To be fair, this is not surprising. PEARL is very different from any other research facility in the world. Others might have large spaces, they might have a comprehensive lighting system, they might have smart sound and acoustics systems. One or two might have a smell system, and maybe someone else has a configurable floor. Others might have mobile brain scanners, person-tracking or an array of physiological and physical measurement systems. None has all of these at the same sort of scale as we have in PEARL. But our visitors can imagine using some at least of these to support them, so why have they not crossed the bridge into asking that unasked question?
The quick and superficial answer is that they have been astonished by the scale and breadth of what is on offer and are simply not used to thinking in detail at that scale. “Can you build a station?” Of course, but what do you want to do with it: what do you want to find out? “Can you prove our navigation algorithm?” Yes we can do that – but what do you want to find out? “Can you create a giant model of a brain?” Yes, but what do you want to represent in it? “Can you create a novel performance space?” Yes we can, but what are you really looking for that you can’t do in an existing one? These questions are challenging for the people who have experienced PEARL, but they are much harder for their colleagues who haven’t – especially those charged with responsibility for the finances. Inevitably the response turns into “Why would we build a station in a laboratory when we can use one of our own?”. A perfectly reasonable question to ask. And there is an answer, but it isn’t quick or superficial.
Partly because we have learnt more, partly because we are becoming better at explaining it, and partly because the people coming to visit us are developing their own thinking, this kind of dialogue has started to show signs of changing this year.

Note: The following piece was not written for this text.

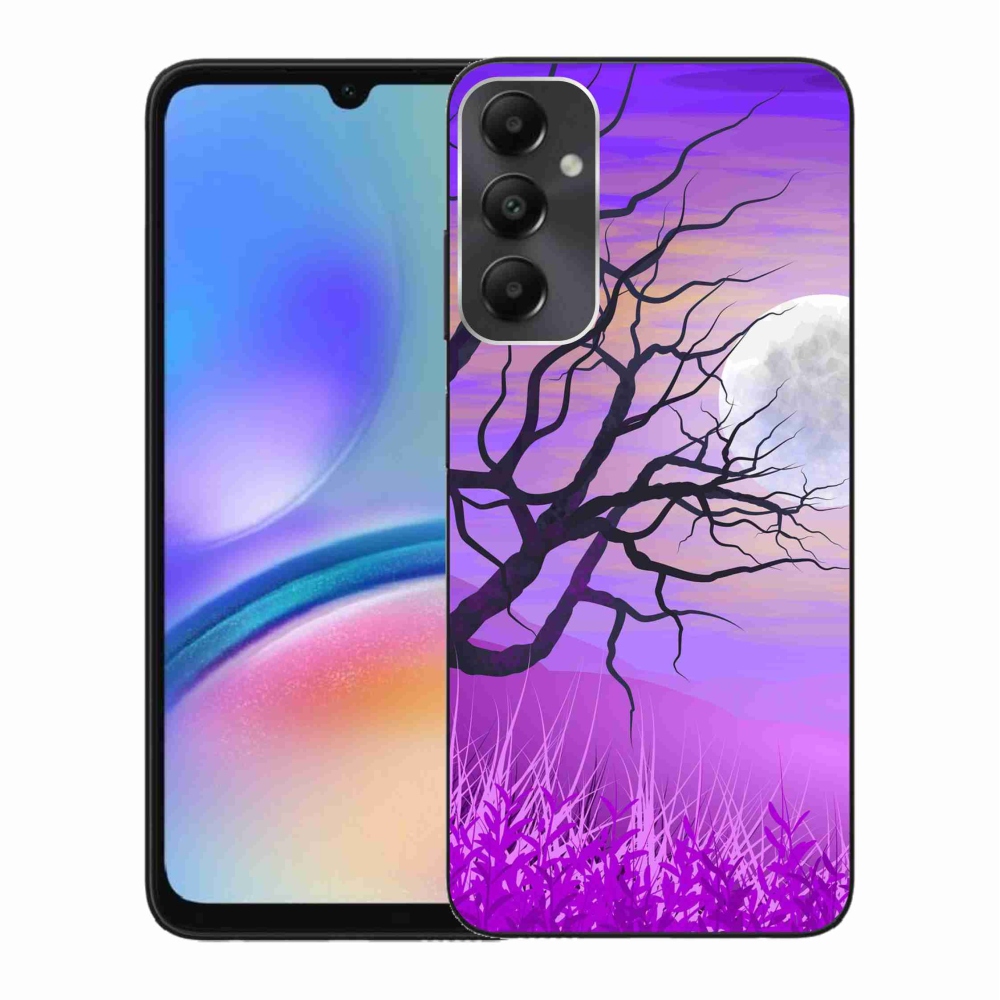 Gelový obal mmCase na Samsung Galaxy A05s - kreslený opadaný strom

PEARL is a bit deceptive. It looks very simple: it’s a big space. But inside that big space we can study the way the brain engages with the environment around it so that we can understand how the person responds to the situation they are facing. By being able to work out how the brain is stimulated by the environments it encounters, we can compose the most appropriate level of detail in substantive environments so that we can create the illusions that stimulate the brain into thinking it is in the real situation we are studying. This could be a street, a bus stop, a train, a park, a supermarket, or whatever. The key is for us to understand what the brain is responding to in the environment, and to make sure that this is within the environment we are presenting it with.
So, you need a train to be moving? What tells our brains that the train is moving? Sound? Vibration? Images? Touch? The combination of all these? What can we tell from such data? Well, it means that we can study how, for example, changing the sound profile or the lighting might alter thermal comfort, or the way passengers prepare to leave the train. In other words, we can explore, not just the usual physical characteristics of the environment with people, but also how human brains respond to them. And we have a variety of methods, approaches and techniques to help us in this new approach. This changes the way we can interpret, understand and model responses, and thus what we should include in a design to obtain the best passenger performance and reaction. It means you can start to design public spaces from inside the brain outwards, instead of basing designs on observations of just the overt physical reactions of people in existing environments.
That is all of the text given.